Unfortunately, the experiment on the Capitol Limited was a "success". In February 2016, I was in the 2901 sleeper with only 2 bedrooms between me and the horn, not even a second engine. For me, it was very uncomfortable. It helped a little bit that between DC and Pittsburgh, it is mostly wilderness with few grade crossings.


----------



## Lonestar648 (Jun 30, 2016)

How were you just 2 room from the engine when the second half of the trans/dorm is for the crew. The eight revenue room are before the stairs going to the lower level.


----------



## CCC1007 (Jun 30, 2016)

Lonestar648 said:


> How were you just 2 room from the engine when the second half of the trans/dorm is for the crew. The eight revenue room are before the stairs going to the lower level.


The short consist for the CL doesn't include a crew dorm.


----------



## Tennessee Traveler (Jun 30, 2016)

Yes, the failed experiment was January February 2015. At some point I do think they put the baggage car back on without using it since they ran the SSL as the first revenue car.

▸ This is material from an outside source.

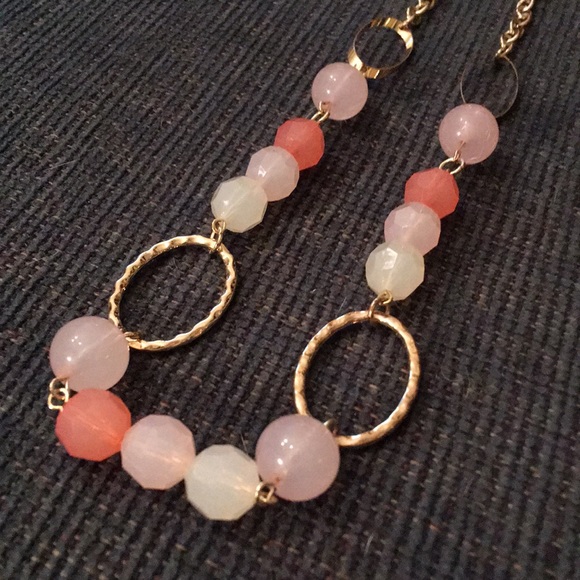 3/$20 Necklace & Earrings set - Picture 2 of 4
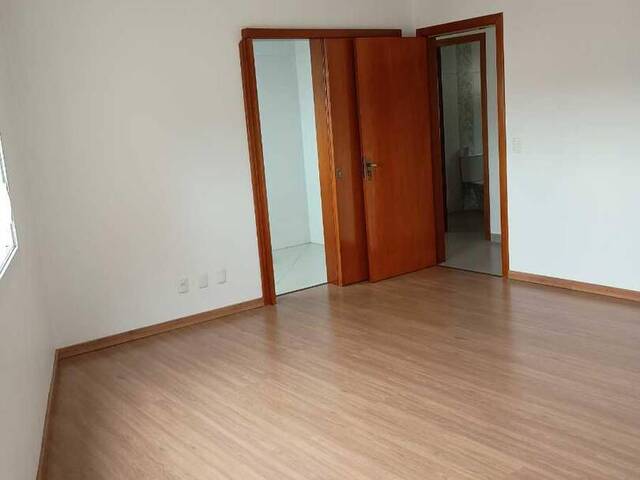 Apartamento para Venda em Caxias do Sul - 4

They did not have crew car and put the crew in rooms in the two revenue sleepers when I rode in February.


----------



## Montreal Ltd (Jul 1, 2016)

I was on that train in January 2015. CL from WAS to CLE. The sleeper was just behind the engine, and that horn was loud


----------



## NW cannonball (Jul 2, 2016)

Devil's Advocate said:


> _guest said:
> 
> 
> > How is the engine noise and horn? Were you able to sleep?
> ...


On my ride last year on the SWC ABQ-LAX in the crew-dorm the attendant was on the job. The roomette was so much more quiet than the other sleepers. The showers were cleaner as were the toilets. (the crew don't make noise or party, they sleep)

Zero "diesel fumes" not like riding a boeing 757.

One of the quietest best roomette rides I've done on Amtrak.

If the train horn bothers you -- dunno.

Was a good ride for me in the crew dorm.


----------



## George K (Jul 4, 2016)

A nice set of earplugs will block most horn noises effectively if that's an issue.

I always wear them when I ride the City of New Orleans. The CONO sleeper is right behind the dorm/sleeper car, iirc.


----------



## Bob Dylan (Jul 4, 2016)

George K said:


> A nice set of earplugs will block most horn noises effectively if that's an issue.
> 
> I always wear them when I ride the City of New Orleans. The CONO sleeper is right behind the dorm/sleeper car, iirc.


There's also a Bag Car on the CONO butvwirh so many Grade Crossings in the South the Horn blows almost continuously. Ear plugs are always s good idea on Trains.


----------



## me_little_me (Jul 5, 2016)

George K said:


> A nice set of earplugs will block most horn noises effectively if that's an issue.
> 
> I always wear them when I ride the City of New Orleans. The CONO sleeper is right behind the dorm/sleeper car, iirc.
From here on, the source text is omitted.